The Multifamily Production Index (MPI), which measures builder and developer sentiment about current conditions in the apartment and condominium market on a scale of 0 to 100, “inched down two points to an index level of 52, the fifth straight quarter with a reading over 50,” the National Association of Home Builders (NAHB) reported on Thursday. “The index and all of its components are scaled so that any number over 50 indicates that more respondents report conditions are improving than report conditions are getting worse. In the first quarter of 2013, the MPI component tracking builder and developer perceptions of market-rate rental properties dropped four points to 61, but has been above 60 for seven consecutive quarters--the longest sustained period of strength since the inception of the index in 2003. For-sale units dipped four points to 42, while low-rent units rose two points to 55. ‘The apartment sector overall has largely recovered since the downturn, so we have now reached a level of development that is close to equilibrium and can continue at this pace,’ said W. Dean Henry, CEO of Legacy Partners Residential in Foster City, Calif., and chairman of NAHB's Multifamily Leadership Board. ‘With that said, there are still certain markets around the country that have room to grow.’ The Multifamily Vacancy Index (MVI), which measures the multifamily housing industry's perception of vacancies, rose seven points to 38. With the MVI, lower numbers indicate fewer vacancies. After peaking at 70 in the second quarter of 2009, the MVI improved consistently through 2010 and has been at a fairly moderate level throughout 2011 and 2012. Historically, the MPI and MVI have performed well as leading indicators of U.S. Census figures for multifamily starts and vacancy rates, providing information on likely movement in the Census figures one to three quarters in advance.” Chief Economist David Crowe said, “There are still issues facing builders and developers that could have an impact on future production, such as a shortage of labor with basic construction skills and rising prices for some building materials.”
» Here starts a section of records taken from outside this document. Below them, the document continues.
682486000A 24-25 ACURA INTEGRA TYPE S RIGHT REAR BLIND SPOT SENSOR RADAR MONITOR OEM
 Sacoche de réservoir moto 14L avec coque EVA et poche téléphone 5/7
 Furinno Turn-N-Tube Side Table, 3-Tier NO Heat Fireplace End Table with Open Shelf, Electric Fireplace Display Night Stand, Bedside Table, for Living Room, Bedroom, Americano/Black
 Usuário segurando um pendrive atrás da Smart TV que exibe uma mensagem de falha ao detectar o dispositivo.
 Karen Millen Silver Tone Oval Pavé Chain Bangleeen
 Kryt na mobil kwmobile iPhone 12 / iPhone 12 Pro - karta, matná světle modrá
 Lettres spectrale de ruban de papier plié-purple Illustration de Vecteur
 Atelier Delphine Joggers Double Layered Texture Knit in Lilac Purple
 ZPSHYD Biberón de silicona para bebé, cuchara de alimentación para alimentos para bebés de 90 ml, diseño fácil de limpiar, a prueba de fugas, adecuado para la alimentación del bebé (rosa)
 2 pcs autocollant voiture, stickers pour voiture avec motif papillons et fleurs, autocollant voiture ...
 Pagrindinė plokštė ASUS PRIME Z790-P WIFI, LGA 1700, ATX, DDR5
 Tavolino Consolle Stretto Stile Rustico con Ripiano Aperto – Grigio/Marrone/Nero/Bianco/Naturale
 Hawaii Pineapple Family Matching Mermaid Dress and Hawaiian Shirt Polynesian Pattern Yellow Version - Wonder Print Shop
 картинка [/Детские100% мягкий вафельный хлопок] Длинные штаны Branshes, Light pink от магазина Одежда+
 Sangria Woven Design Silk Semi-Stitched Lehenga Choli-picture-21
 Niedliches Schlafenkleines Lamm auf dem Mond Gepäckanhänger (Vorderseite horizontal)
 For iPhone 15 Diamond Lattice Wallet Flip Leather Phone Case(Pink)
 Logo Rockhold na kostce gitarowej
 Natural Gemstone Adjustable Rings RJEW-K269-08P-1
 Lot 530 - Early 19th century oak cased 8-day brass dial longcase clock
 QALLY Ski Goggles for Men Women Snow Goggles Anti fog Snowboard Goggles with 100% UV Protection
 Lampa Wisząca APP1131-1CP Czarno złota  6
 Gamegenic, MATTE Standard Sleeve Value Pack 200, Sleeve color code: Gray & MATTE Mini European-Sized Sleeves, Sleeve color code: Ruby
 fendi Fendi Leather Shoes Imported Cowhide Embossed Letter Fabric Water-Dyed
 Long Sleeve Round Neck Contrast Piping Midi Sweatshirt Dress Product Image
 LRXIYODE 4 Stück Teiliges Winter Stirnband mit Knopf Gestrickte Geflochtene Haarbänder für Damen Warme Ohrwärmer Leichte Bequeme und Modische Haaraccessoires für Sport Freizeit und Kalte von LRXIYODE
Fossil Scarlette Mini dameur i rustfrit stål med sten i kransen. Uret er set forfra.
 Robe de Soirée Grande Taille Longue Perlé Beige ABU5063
“Eight of the 15 fastest-growing large U.S. cities and towns for the year ending July 1, 2012 were in Texas,” as were five of the 10 cities and towns that added the most people, the Census Bureau reported on May 23. “The fastest-growing municipalities are spread across Texas, from the High Plains of west Texas to the Houston suburbs. San Marcos, along the Interstate 35 corridor between Austin and San Antonio, had the highest rate of growth [4.9%] among all U.S. cities and towns with at least 50,000 people. Completing the top five nationwide were Midland and Cedar Park, both in Texas; South Jordan, Utah; and Clarksville, Tenn. …The Texas cities that added the most people included Houston, San Antonio, Austin, Dallas and Fort Worth. New York [added 67,058 people and] topped the list and was the only city among the top 15 outside the South or West. Three cities were in California: Los Angeles, San Diego and San Jose.” Where population growth occurs is an important driver of demand for various types of construction. “These new numbers raise the prospect that large cities may be in store for something of a demographic comeback,” Brookings Institution demographer William Frey wrote on Tuesday. “From 2010 to 2012, ...cities with over one-half million population grew considerably more rapidly [1.1% per year] than they did, on average, over the previous 10 years [0.5%]. Among the 51 metropolitan areas with more than one million residents, 24 saw their cities grow faster than their suburbs from 2011 to 2012. …That was true of just eight metro areas from 2000 to 2010.”